Market Interventions
Textbook Chapter: Chapters 2 & 3
MobLab Game: Competitive Market (with interventions)
Key Teaching Points:
- Government interventions (per-unit taxes, subsidies, price ceilings and floors) alter equilibrium outcomes.
- Equilibrium outcomes do not depend on whether buyers or sellers pay the tax.
- The difference between tax incidence and who pays the tax.
- Relative elasticities determine incidence of a tax or subsidy.
- Excess supply (price floors) and excess demand (price ceilings).
- The efficiency implications of government interventions.
Utility Maximization
Textbook Chapter: Chapter 4
MobLab Game: Consumer Choice: Cobb-Douglas
Key Teaching Points:
- Become familiar with the Cobb Douglas utility function.
- Monotonic transformations of a utility function do not affect the utility-maximizing consumption bundle.
- Utility maximization can be achieved by sequentially choosing the item with the highest marginal utility per dollar.
Firm Behavior in a Competitive Market
Textbook Chapter: Chapter 8
MobLab Game: Production, Entry & Exit
Key Teaching Points:
- Short run profit maximization involves thinking at the margin.
- In the long run equilibrium of a competitive market with identical firms, all firms earn zero economic profits.
Monopoly Pricing
Textbook Chapter: Chapter 9
MobLab Game: Cournot (with Group Size=1)
Key Teaching Points:
- Monopolies restrict output in order to increase price.

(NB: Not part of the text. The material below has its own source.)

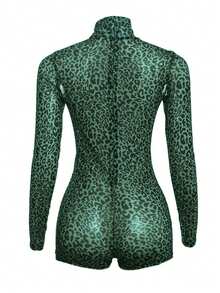 豹纹高领拉链针织网眼连体裤，性感迷人，纯色修身款，适合鸡尾酒会、夜店、音乐节、圣诞节、新年、秋冬季节等场合。 - 綠色 - 查看 2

- The tension between the quantity price effects of increased output.
Oligopoly and Collusion
Textbook Chapter: Chapter 11
MobLab Game: Cournot
Key Teaching Points:
- The underlying logic of the Cournot model: how market price is determined by aggregate output.
- The equilibrium outcomes of Cournot competition.

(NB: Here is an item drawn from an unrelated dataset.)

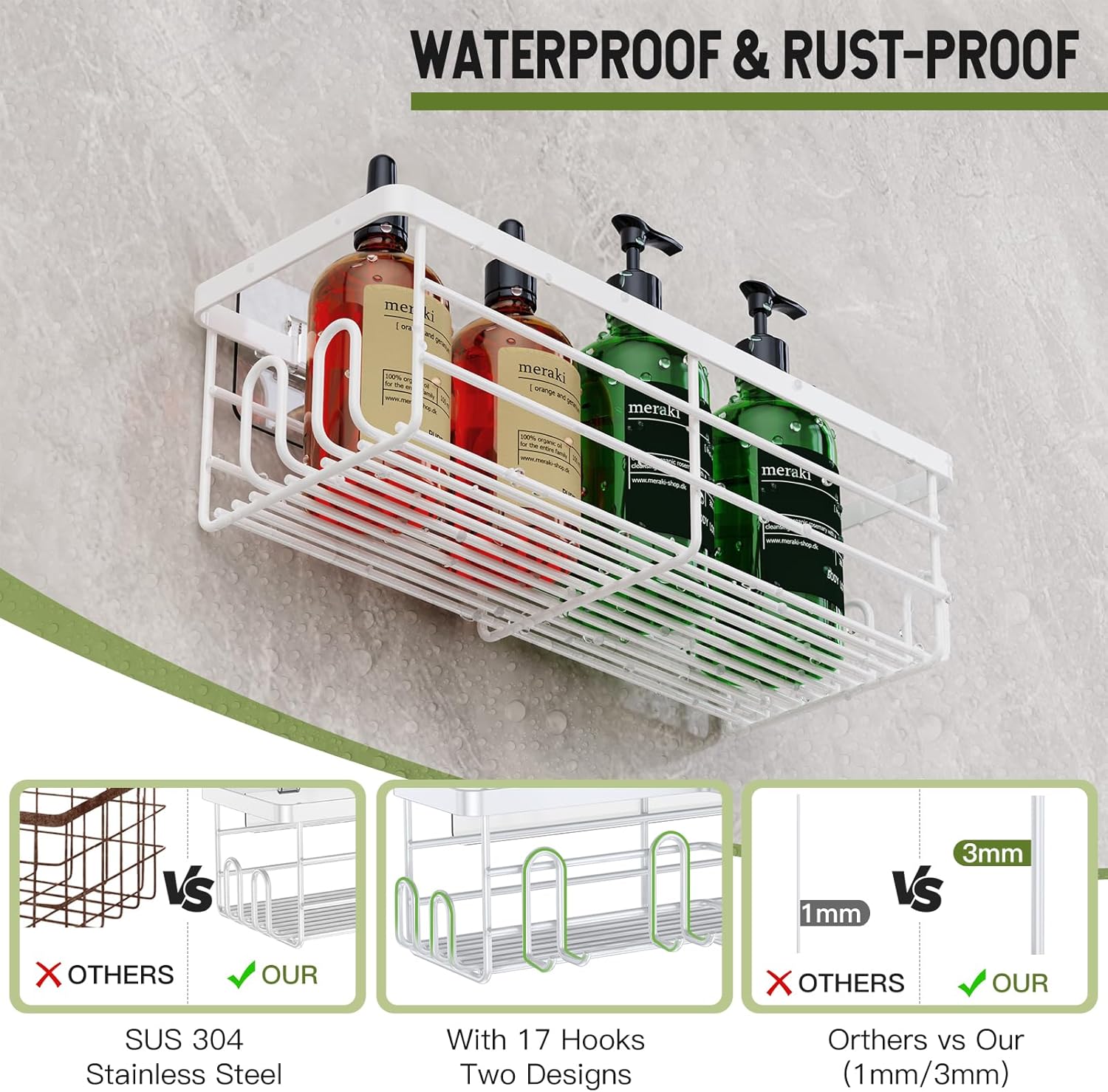 Uamector Estantes de ducha con fuerte adhesivo para ducha interior con 17 ganchos, organizador de pared para baño, baño, inodoro, cocina y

- Repeat interaction may lead to collusive behavior.
Game Theory
Textbook Chapter: Chapter 12
MobLab Game: Prisoner’s Dilemma (Push/Pull)
Key Teaching Points:
- Key features of games: payoff matrices, best responses and dominant strategies.
- Identification of the Nash equilibrium.
- The (sometimes) conflicting incentives of cooperation and self-interest.
- Repeated play may lead to more cooperative outcomes.
Tradeoffs Involving Risk and Time
Textbook Chapter: Chapter 14
MobLab Game: Bomb Risk-Game
Key Teaching Points:
- Helps the player understand expected value and thinking on the margin.
- Helps a player understand her own preferences towards risk, and how risk attitudes vary across a population.
Asymmetric Information
Textbook Chapter: Chapter 16
MobLab Game: Market for Lemons
Key Teaching Points:
- Experience in a market with asymmetric information.
- Asymmetric information may lead to adverse selection and market failure.
Externalities
Textbook Chapter: Chapter 17
MobLab Game: Externalities with Policy Interventions
Key Teaching Points:
- With externalities, the equilibrium of a competitive market without interventions is inefficient.
- By reducing transactions, a tax can increase efficiency (total surplus) in a market with a negative externality
- Marketable permits for an activity generating a negative externality leads to efficiently reducing that activity.
Public Goods
Textbook Chapter: Chapter 17
MobLab Game: Linear Public Goods
Key Teaching Points:
- Highlights the features of public goods: non-rival and non-excludable.
- Demonstrates the distinction between private and social benefits of public goods.
- Shows how individual profit maximization leads to the free-rider problem.
Bargaining
Textbook Chapter: Chapter 18
MobLab Game: Ultimatum Game
Key Teaching Points:
- Students think through the logic of backward induction.
- Demonstrates that preferences for fairness are sufficiently strong to cause people to reject beneficial offers.
Behavioral Economics
Textbook Chapter: Chapter 18
MobLab Game: Behavioral Economics Template
Key Teaching Points:
- Behavioral economics templates allow professors to explore framing effects, heuristics, and biases with their students including representativeness, anchoring, availability, and more. Each of these help to illustrate departures from the standard rational choice model.